However, in POSIX shell's AND and OR lists with function calls, a
function returning zero behaves in a similar fashion to a C function
evaluating to true, and a function returning non-zero behaves like a C
function evaluating to false [1]:
a() {
return 0
}
b() {
return 1
}
a && echo this gets printed
b && echo and this does not
This might be equally counter-intuitive for somebody. If one does a lot
of explicit error checking with early returns, my return convention is
also rather practical.

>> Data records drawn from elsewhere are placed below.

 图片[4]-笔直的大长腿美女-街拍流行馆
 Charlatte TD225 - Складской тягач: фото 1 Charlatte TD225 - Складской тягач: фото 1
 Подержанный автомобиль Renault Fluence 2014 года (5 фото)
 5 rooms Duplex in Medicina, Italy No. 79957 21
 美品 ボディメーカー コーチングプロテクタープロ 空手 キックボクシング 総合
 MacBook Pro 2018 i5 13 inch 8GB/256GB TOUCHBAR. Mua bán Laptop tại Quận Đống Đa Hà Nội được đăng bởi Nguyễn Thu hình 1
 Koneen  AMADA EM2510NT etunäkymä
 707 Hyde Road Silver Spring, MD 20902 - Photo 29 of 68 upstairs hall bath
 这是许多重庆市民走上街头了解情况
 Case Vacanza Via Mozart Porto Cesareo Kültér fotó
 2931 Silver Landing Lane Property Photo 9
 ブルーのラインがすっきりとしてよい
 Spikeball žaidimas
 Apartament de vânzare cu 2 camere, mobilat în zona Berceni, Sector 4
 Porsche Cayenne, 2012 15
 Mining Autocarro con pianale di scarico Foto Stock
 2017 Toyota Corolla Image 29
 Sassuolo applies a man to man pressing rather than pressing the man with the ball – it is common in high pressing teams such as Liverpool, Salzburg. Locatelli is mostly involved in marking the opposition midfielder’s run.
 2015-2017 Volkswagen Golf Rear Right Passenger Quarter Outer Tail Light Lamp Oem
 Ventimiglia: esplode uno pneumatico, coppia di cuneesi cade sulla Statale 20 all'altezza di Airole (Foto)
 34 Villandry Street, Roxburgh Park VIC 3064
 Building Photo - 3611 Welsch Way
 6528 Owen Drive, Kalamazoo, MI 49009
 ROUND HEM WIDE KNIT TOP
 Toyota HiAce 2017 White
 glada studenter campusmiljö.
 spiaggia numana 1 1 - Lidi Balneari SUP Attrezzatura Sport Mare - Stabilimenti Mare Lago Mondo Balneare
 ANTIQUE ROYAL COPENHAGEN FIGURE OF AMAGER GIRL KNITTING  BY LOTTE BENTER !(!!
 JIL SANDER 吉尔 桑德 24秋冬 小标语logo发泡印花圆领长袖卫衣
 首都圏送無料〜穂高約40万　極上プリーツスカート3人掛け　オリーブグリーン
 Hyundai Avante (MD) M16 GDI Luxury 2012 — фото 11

E.g. in the setup() function I can do:
eval setup_${arg} && echo " ${arg} not supported" && return 0
instead of:
eval setup_${arg} || { echo " ${arg} not supported" && return 0; }
Still, I went ahead and reversed return codes in the whole script, and
it doesn't look *too* bad with the setup() function from patch 3/9. It
would have been quite ugly earlier.
So I don't have a strong preference. If you still prefer that I reverse
my return codes, I will re-spin the series (and probably I'll need a
first patch that reverses the existing logic, too).
> > + elif [ $ret -eq 1 ]; then echo "${name}: PASS"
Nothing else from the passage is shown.